The Symphoniker Hamburg (Hamburg Symphony Orchestra) is a German orchestra based in Hamburg, Germany.  Founded in 1957, it is one of the city's three largest orchestras.  The Hamburg Symphony Orchestra is the orchestra in residence in the Laeiszhalle, the Hamburg Music Hall.  In addition to symphony concerts, the Hamburg Symphony regularly performs as accompanying ensembles for operas and ballets at the Hamburg State Opera House.  The orchestra also offers subscription series of children's concerts, and annual open-air concerts held in the central courtyard of Hamburg's town hall.

History
The Hamburg Symphony Orchestra gave its first concert on 16 October 1957 under the direction of its first chief conductor, Robert Heger. Heger served in the post until 1961.  His successors included Heribert Beissel, who has held the longest tenure as chief conductor to date from 1972–1986, Carlos Kalmar (1987–1991), Miguel Gómez-Martinez (1992–1999), and Yoav Talmi (2000–2004).  Principal guest conductors have included István Kertész.  

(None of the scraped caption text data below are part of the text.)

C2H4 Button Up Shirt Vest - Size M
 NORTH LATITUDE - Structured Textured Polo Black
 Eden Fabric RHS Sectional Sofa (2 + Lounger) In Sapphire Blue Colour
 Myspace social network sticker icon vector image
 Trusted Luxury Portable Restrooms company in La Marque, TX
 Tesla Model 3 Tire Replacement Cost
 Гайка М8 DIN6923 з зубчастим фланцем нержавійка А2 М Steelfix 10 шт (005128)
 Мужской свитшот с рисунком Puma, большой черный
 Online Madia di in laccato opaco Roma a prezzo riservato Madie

Andrey Boreyko was principal conductor from 2004 until his sudden resignation in the autumn of 2007.  Jeffrey Tate was appointed chief conductor in October 2007 and took up the post in the spring of 2008.  In February 2014, the orchestra announced the extension of Tate's contract as chief conductor through 2019.  Tate held the Hamburg chief conductorship until his death on 2 June 2017.

In February 2018, the orchestra announced the appointment of Sylvain Cambreling as its next chief conductor, effective with the 2018–2019 season.  In June 2022, the orchestra announced the extension of Cambreling's contract through the summer of 2028.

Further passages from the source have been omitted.